> _Task item_: The records are to be repeated in full, with the images removed.

> _Given data_:
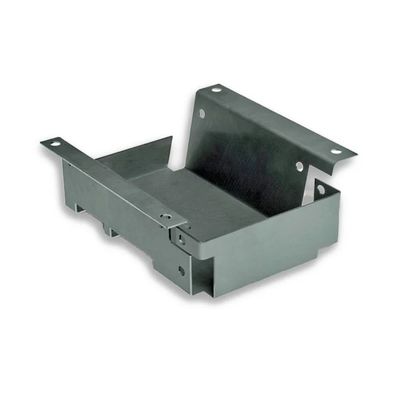 OEM ODM Custom Stamped Fenders Stamped Powder Coated Metal Deep Drawn Stamped Fenders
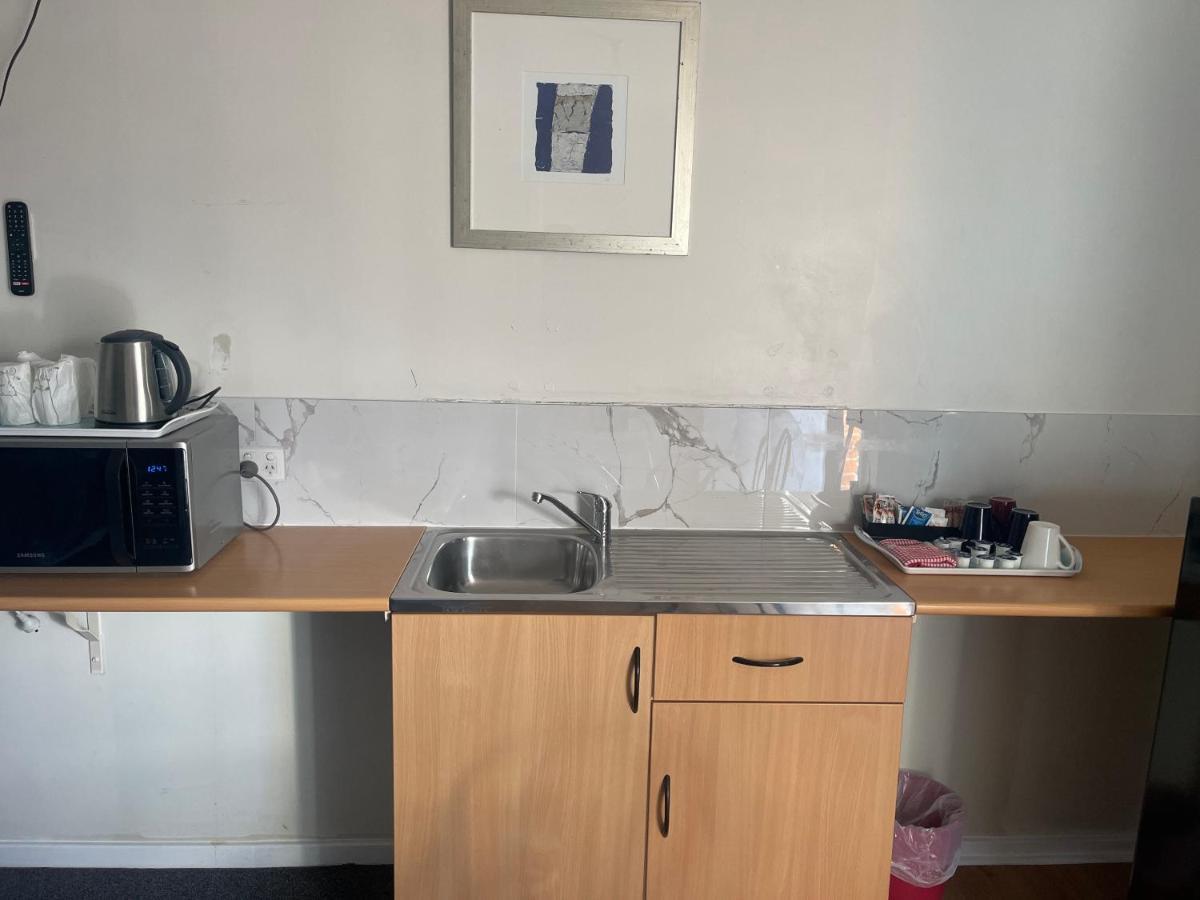 Tamworth Lodge Motel מראה חיצוני תמונה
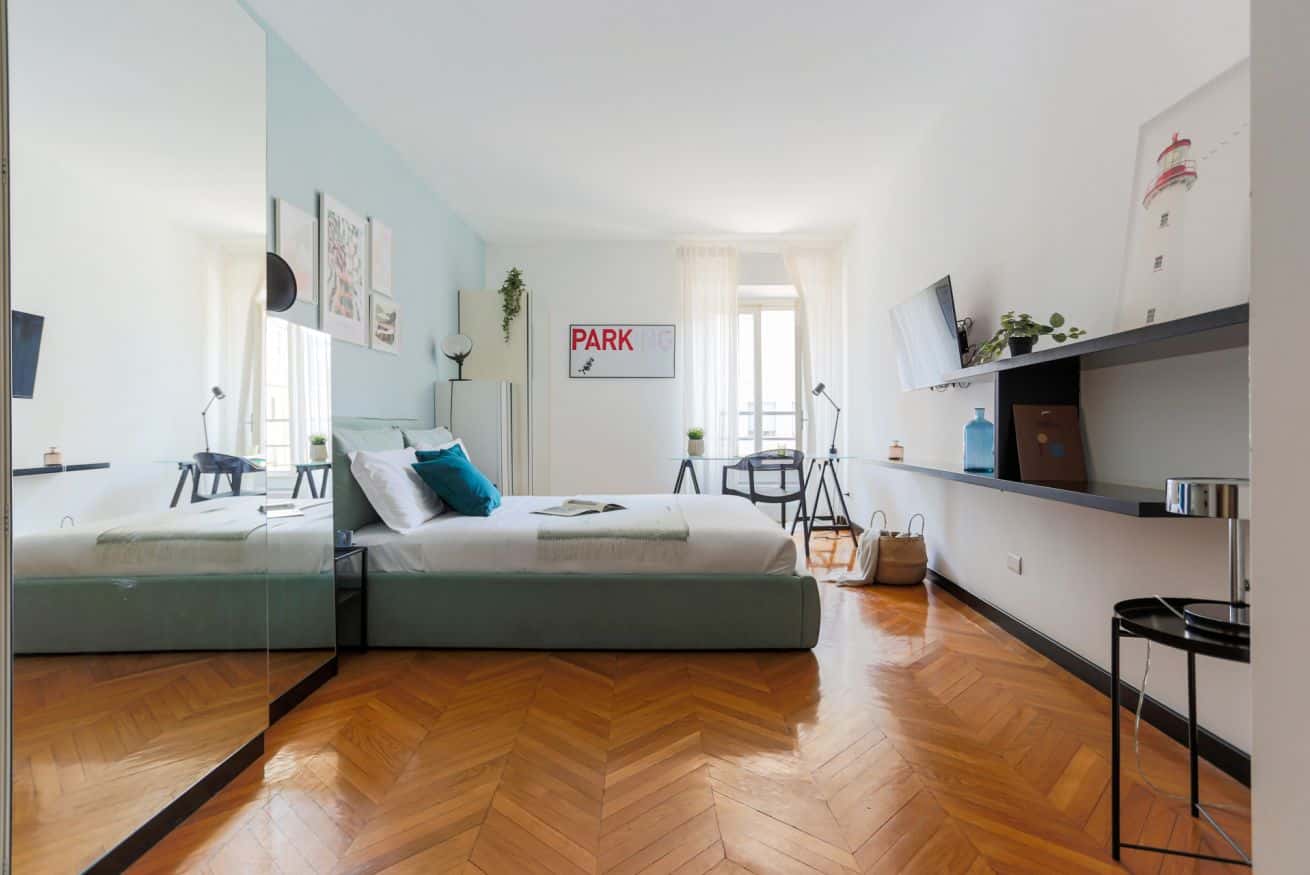 Apartment Milan, 1 bed — photo 46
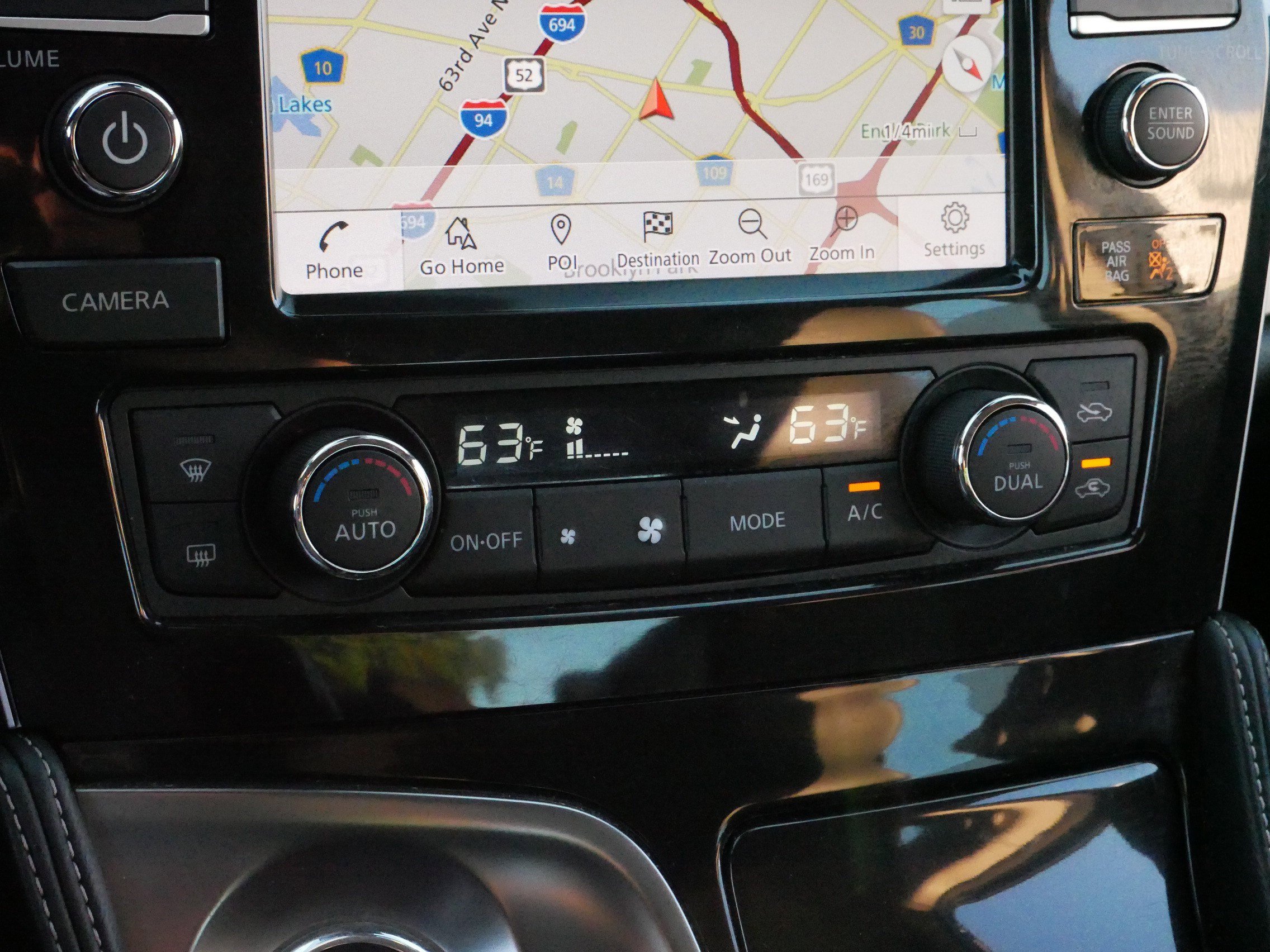 Used 2023 Nissan Maxima SV w/ Floor Mat Group image 23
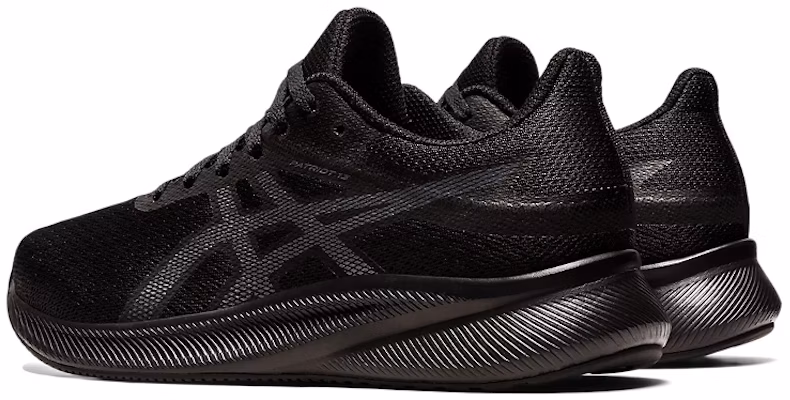 (Women) ASICS Patriot 13 'Black Carrier Grey'  1012B312-002 Shop (Women) ASICS Patriot 13 'Black Carrier Grey'  1012B312-002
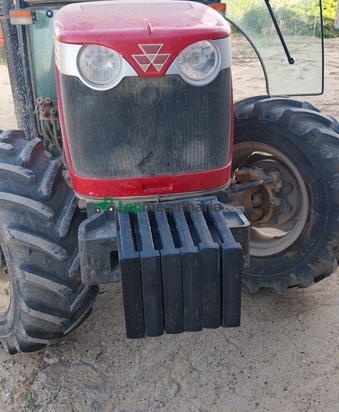 Pastillas delanteras tractor varias marcas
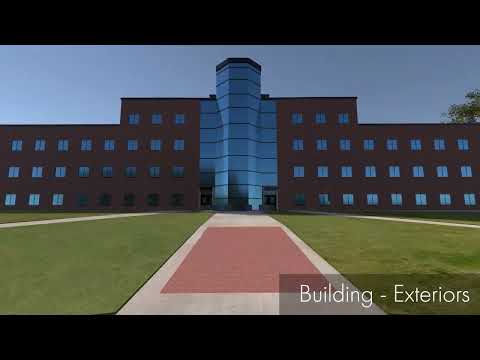 VictoryXR Academy - Building Exteriors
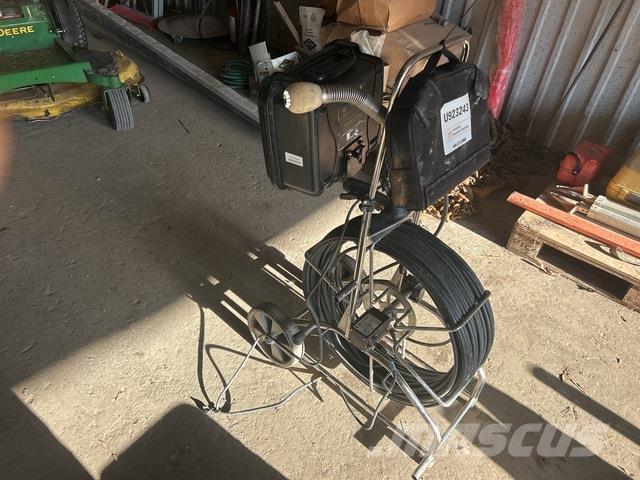  Cues MPlus+ معدات خطوط الأنابيب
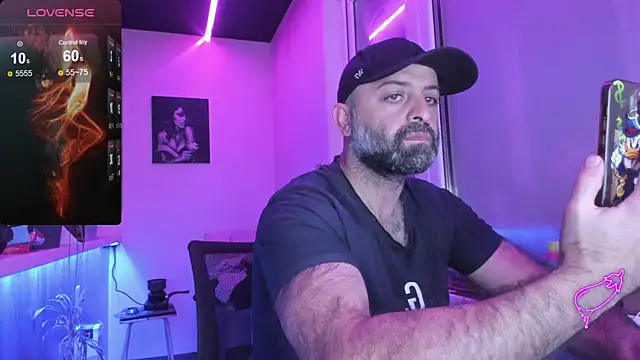 MAGABEAR077 online show from September 16, 2:18 pm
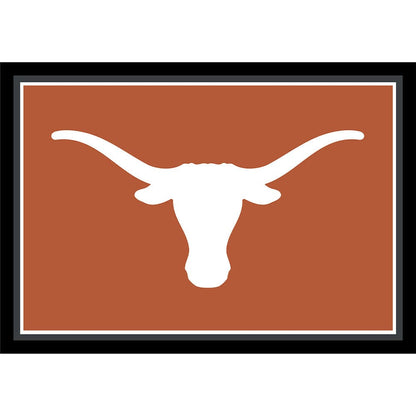 Imperial - NCAA University of Texas 6x8 Spirit Rug - IMP  525-3060 view 1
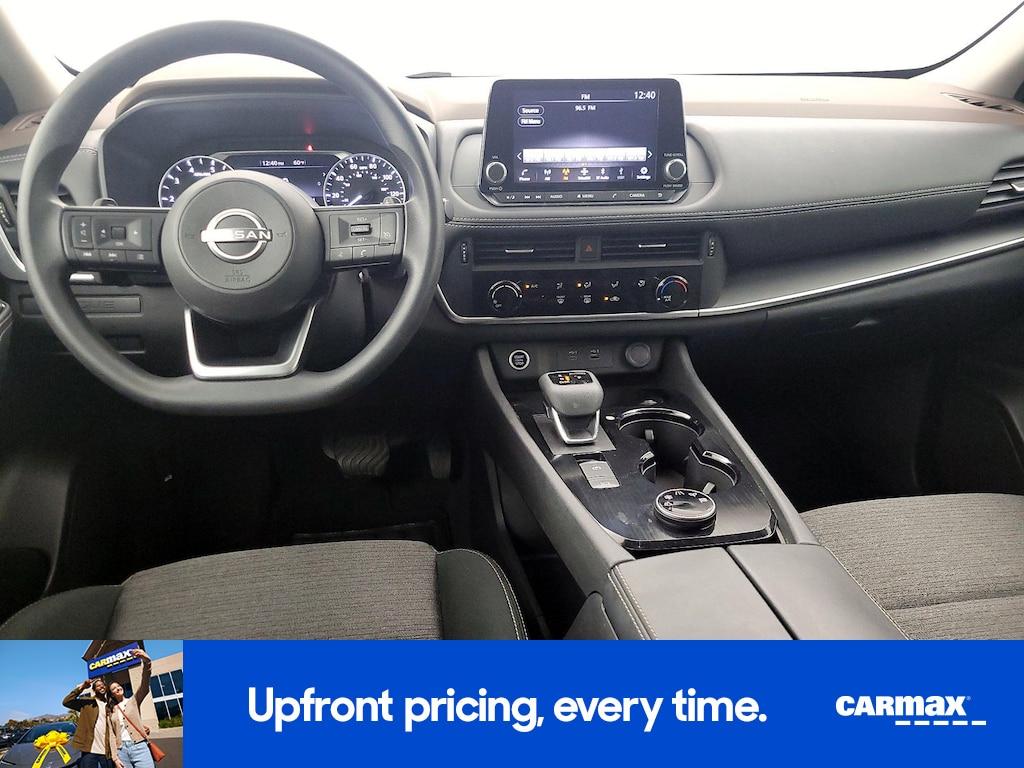 used 2022 Nissan Rogue car, priced at $22,998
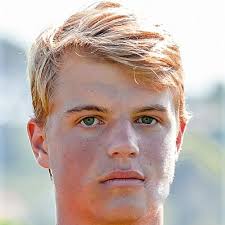 Luke Sanders' Santa Fe Christian High School Bio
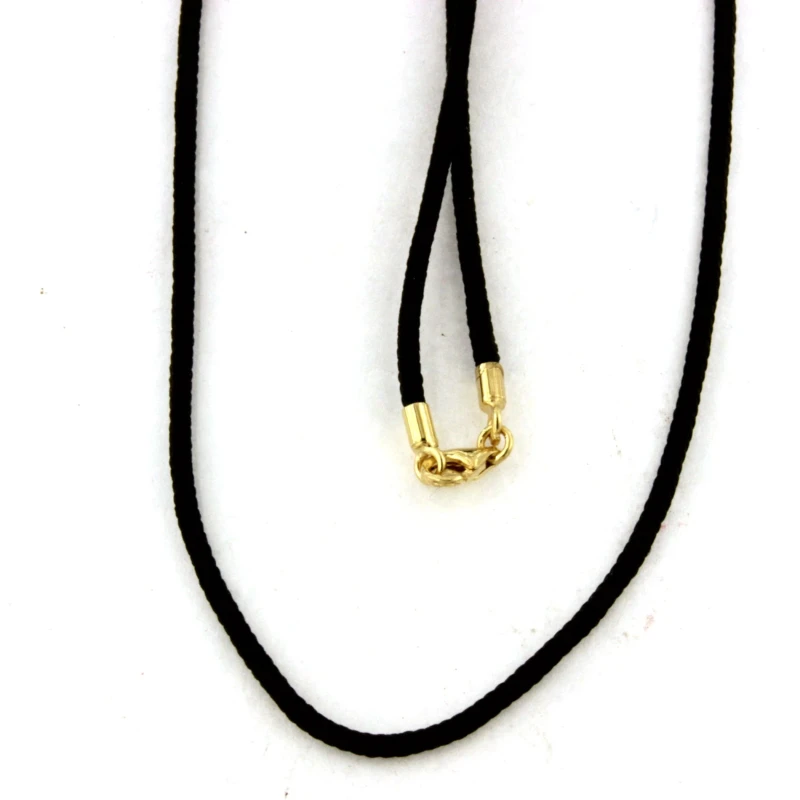 Collana con Sagola Marinara e chiusura in oro 18kt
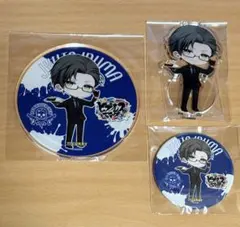 2026年最新】入間銃兎 缶バッジの人気アイテム - メルカリ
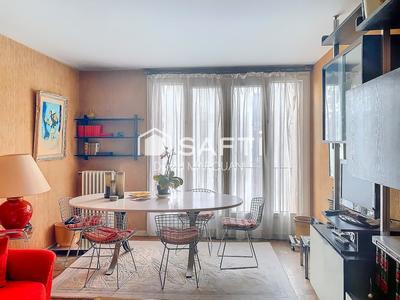 Appartement - 60 m² - 3 pièces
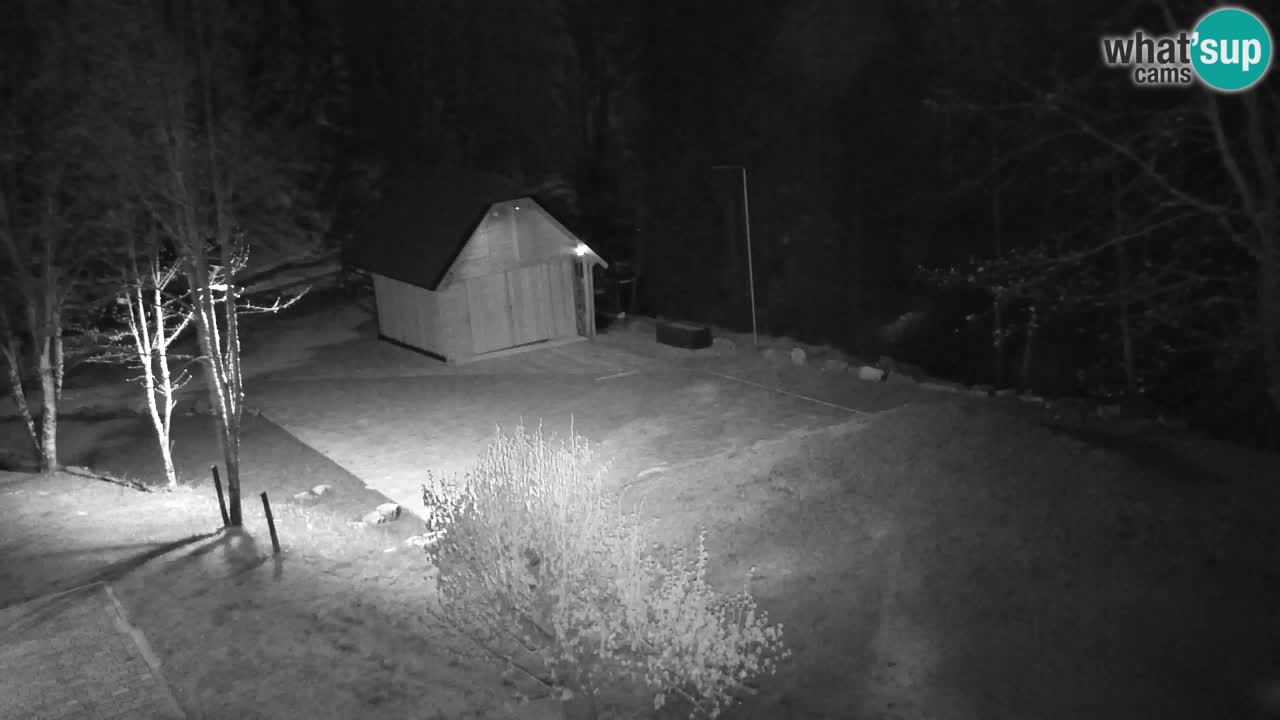 Webcam Lukanja – Water Village | Pohorje Houses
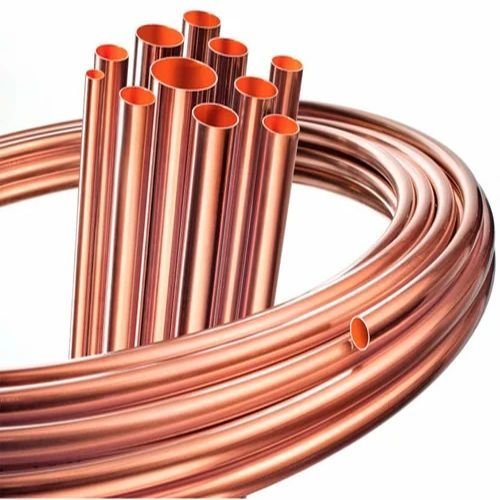 Copper Tubes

> _Written answer_:
 OEM ODM Custom Stamped Fenders Stamped Powder Coated Metal Deep Drawn Stamped Fenders
 Tamworth Lodge Motel מראה חיצוני תמונה
 Apartment Milan, 1 bed — photo 46
 Used 2023 Nissan Maxima SV w/ Floor Mat Group image 23
 (Women) ASICS Patriot 13 'Black Carrier Grey'  1012B312-002 Shop (Women) ASICS Patriot 13 'Black Carrier Grey'  1012B312-002
 Pastillas delanteras tractor varias marcas
 VictoryXR Academy - Building Exteriors
  Cues MPlus+ معدات خطوط الأنابيب
 MAGABEAR077 online show from September 16, 2:18 pm
 Imperial - NCAA University of Texas 6x8 Spirit Rug - IMP  525-3060 view 1
 used 2022 Nissan Rogue car, priced at $22,998
 Luke Sanders' Santa Fe Christian High School Bio
 Collana con Sagola Marinara e chiusura in oro 18kt
 2026年最新】入間銃兎 缶バッジの人気アイテム - メルカリ
 Appartement - 60 m² - 3 pièces
 Webcam Lukanja – Water Village | Pohorje Houses
 Copper Tubes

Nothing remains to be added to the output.